Bahreïn: Arrestation et interrogatoire du défenseur des droits humains Naji Fateel

Nabeel Rajab (à gauche) et Naji Fateel (à droite) .

Le 15 février 2012, le défenseur des droits humains Naji Fateel a été interrogé pendant une heure par le parquet, après avoir été arrêté la veille.

M. Naji Fateel est membre du conseil de la Bahrain Youth Society for Human Rights et a participé à la plateforme de Dublin organisée par Front Line Defenders en 2010.

Le 15 février 2012, Naji Fateel a été interrogé par le parquet bahreïni, pour réunion illégale et pour avoir participé à un rassemblement non autorisé. Son avocat était présent et Naji Fateel a exercé son droit de ne pas répondre à certaines questions. À la fin de son interrogatoire, il a été transféré de l'hôpital Al Qala'a au poste de police de Manama.
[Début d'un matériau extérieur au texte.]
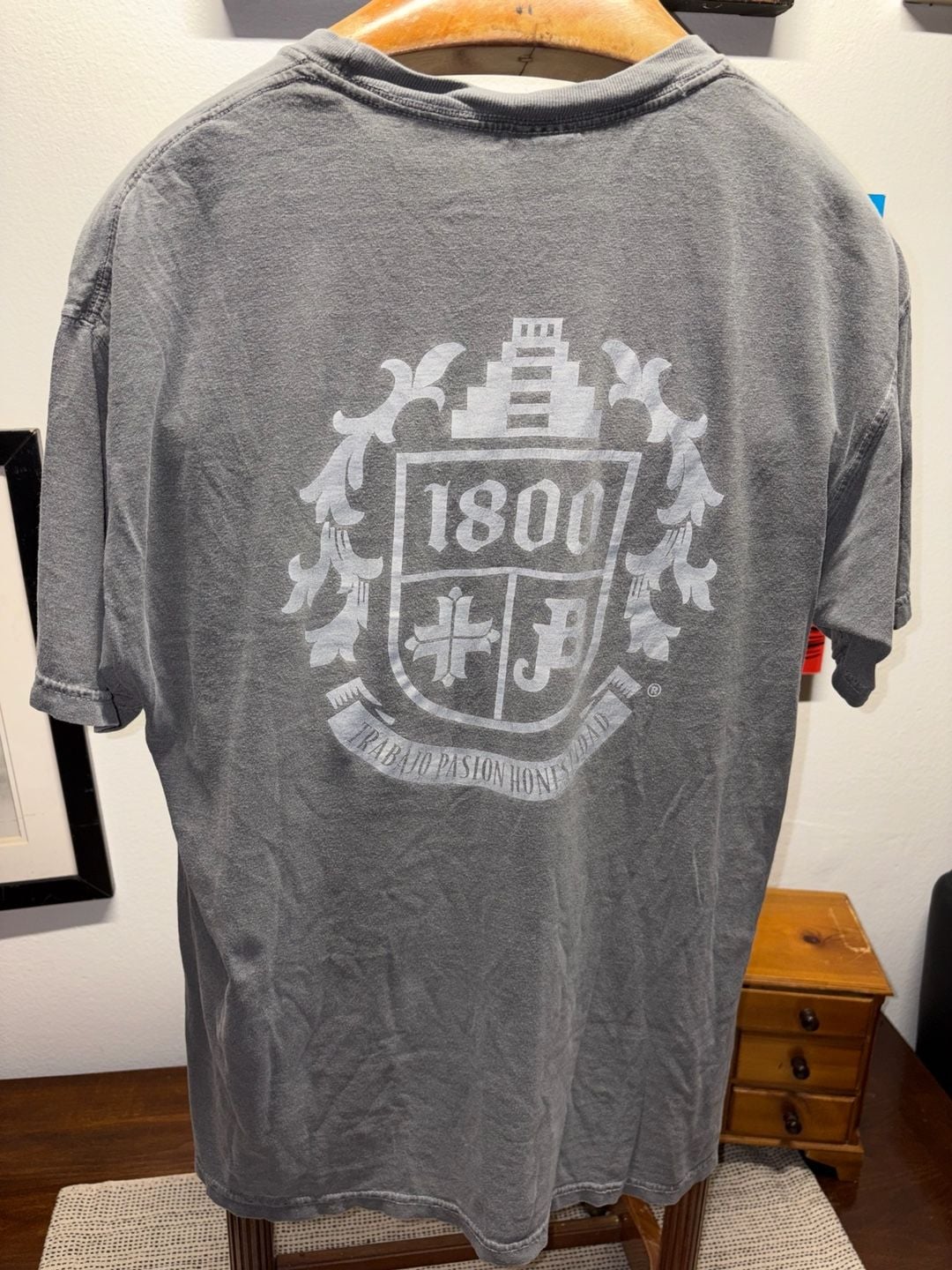 Comfort Colors 1800 Tequila Graphic T-Shirt Size L Gray 8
Il est toujours détenu.

Le 14 février 2012, Naji Fateel a été arrêté par un groupe d'hommes masqués et habillés en civil, alors qu'il participait à une manifestation pacifique contre les violations des droits humains au Bahreïn. Il aurait été insulté et dénigré car il appartient au groupe ethnique Chiite, le plus important au Bahreïn. Le défenseur Nabeel Rajab, directeur du Bahrain Centre for Human Rights, a lui aussi été arrêté mais il a été libéré.

Naji Fateel est victime d'une persécution permanente. Il a été torturé en prison et menacé de mort à plusieurs reprises pendant plusieurs années, pour avoir appelé au respect des droits humains au Bahreïn. En 2007, il avait été torturé et maltraité alors qu'il était détenu au secret. Il a notamment été victime de chocs électriques, de passage à tabac par la technique du Falaqa (coups sur la plante des pieds avec une baguette), de coups de pieds et coups de poings et il a été enchaîné. Il a aussi été suspendu au plafond pendant qu'il recevait des chocs électriques sur différentes parties du corps, y compris sur ses parties génitales. Il souffre toujours de blessures dues à ces actes de tortures et il se déplace à l'aide d'une canne.

Depuis mars 2012, Naji Fateel et d'autres défenseurs des droits humains dont Abdulhadi Al Khawaja et Mohammed Al Maskati, sont aussi victimes d'actes d'intimidation et d'attaques diffamatoires. Des menaces de mort ont circulées via SMS et des messages postés sur des sites de réseaux sociaux appelaient à ce qu'ils soient tués. Lire l'appel de Front Line Defenders du 11 mars 2011.

Le rapport de la Bahrain Independent Commission of Inquiry –BICI (Commission d’enquête indépendante du Bahreïn), commission nommée par le gouvernement, confirmait l'usage systématique de la torture contre les défenseur-ses des droits humains et les autres citoyens au Bahreïn, et appelait à ce que les responsables soient traduits en justice. Le rapport concluait que la National Security Agency –NSA (agence pour la sécurité nationale) et le Ministère de l'Intérieur pratiquaient systématiquement les mauvais traitements physiques et psychologiques, qui dans de nombreux cas se transformaient en torture, sur un grand nombre de détenus.